How to Find Buying/Selling Imbalance Easily? Use This Powerful Candlestick Pattern!
- VasilyTrader

- 3 hours ago
- 3 min read

Just one single candlestick pattern helpes me to find selling and buying imbalances and predict future price movemens on any Forex pair.
In this article, you will learn one of the most accurate imbalance candlesticks that I use for trading Forex.
I will explain the psychology and meaning of this pattern and show you how to find it easily.
Selling Imbalance Price Model
Let's start with discussing a bearish model of this candlestick pattern.

It will be strictly based on 3 consecutive candlesticks.
The first one should be a normal bullish candle with an average-sized body and relatively small wicks.
It will signify a bullish sentiment on the market.
The second candlestick should be a weak bullish, bearish candle, or doji. It can also be a pin bar with a long upper wick. Such a candle should strictly form after a test of a liquidity supply zone.
Such a candlestick will be significant.
It will signify an absorption of buying orders by the sellers, by the selling orders that are placed within a supply zone.
The upper wick may also go beyond a liquidity zone.
It will signify a liquidity grab and a trap for the buyers.
The third candle should be a strong bearish candlestick with a big body.
The body of this candle should engulf the entire range of the first bullish candle.
It will signify a strong selling imbalance and confirm a change of the market sentiment.
A bearish continuation will be expected then.
Selling Imbalance Strategy
To trade this pattern, simply wait for a bearish imbalance candle to close, engulfing the first bullish candle.

Open a sell position immediately then, placing your stop loss above the highs.
Take profit will be based on the closest strong liquidity demand zone.
Example
Here is how I used this selling imbalance model to trade GBPJPY forex pair.

90 pips of easy profits were made!
Buying Imbalance Price Model
Now, let's discuss a bullish model.
It should also be based on 3 consecutive candlesticks.

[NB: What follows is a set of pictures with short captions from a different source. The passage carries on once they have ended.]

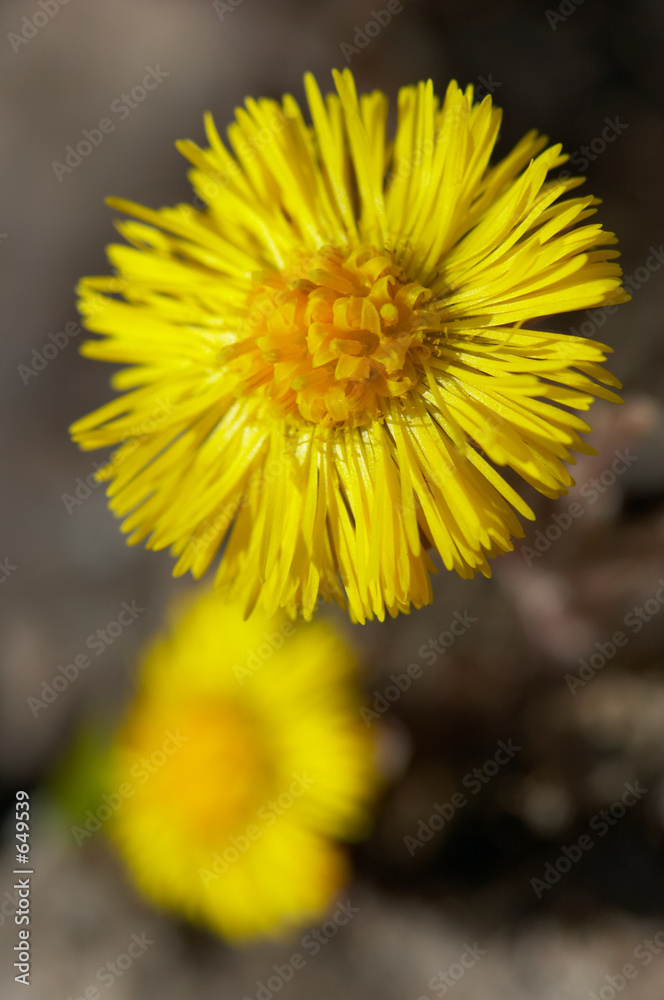 coltsfoot coltsfoot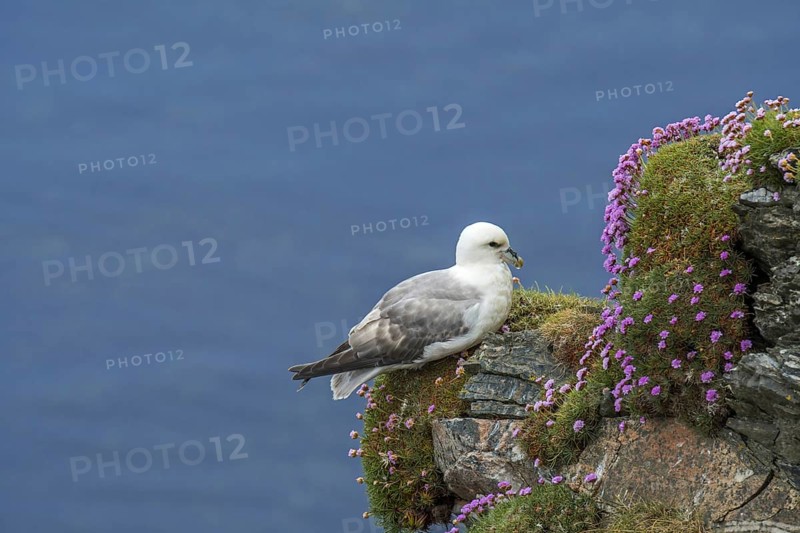 Northern fulmar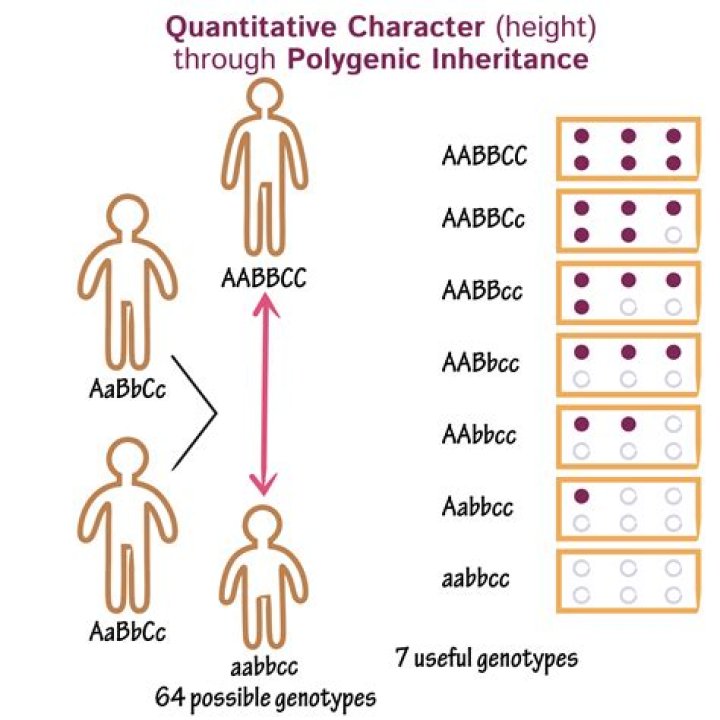 What is polygenic inheritance explain with an example?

The first one should be a normal bearish candle with an average-sized body and relatively small wicks.
It will signify a bearish sentiment on the market.
The second candlestick should be a weak bullish, bearish candle, or doji.
It can also be a pin bar with a long lower wick.
Such a candle should strictly form after a test of a liquidity demand zone.
A formation of such a candle will signify an absorption of selling orders by the buyers, by the buying orders that are placed within a demand zone.
The lower wick may also go beyond a liquidity zone. It will signify a liquidity grab and a trap for the sellers.
The third candle should be a strong bullish candlestick with a big body.
The body of this candle should engulf the entire range of the first bearish candle.
It will signify a strong buying imbalance and confirm a change of the market sentiment.
A bullish continuation will be expected then.
Buying Imbalance Strategy
To trade this pattern, simply wait for a bullish imbalance candle to close, engulfing the first bearish candle.

Open a buy position immediately then, placing your stop loss below the lows.
Take profit will be based on the closest strong liquidity supply zone.
Example
Here is an example of how this candlestick pattern helped to identify a buying imbalance on EURCHF pair.

Following trading execution rules described above, 14 pips of profits were easily made.
This powerful candlestick model can be observed on any market.
Being relatively rare, it provides very profitable trading opportunities.
Learn to identify that following the rules that I described.
It will be the best imbalance confirmation for your trades.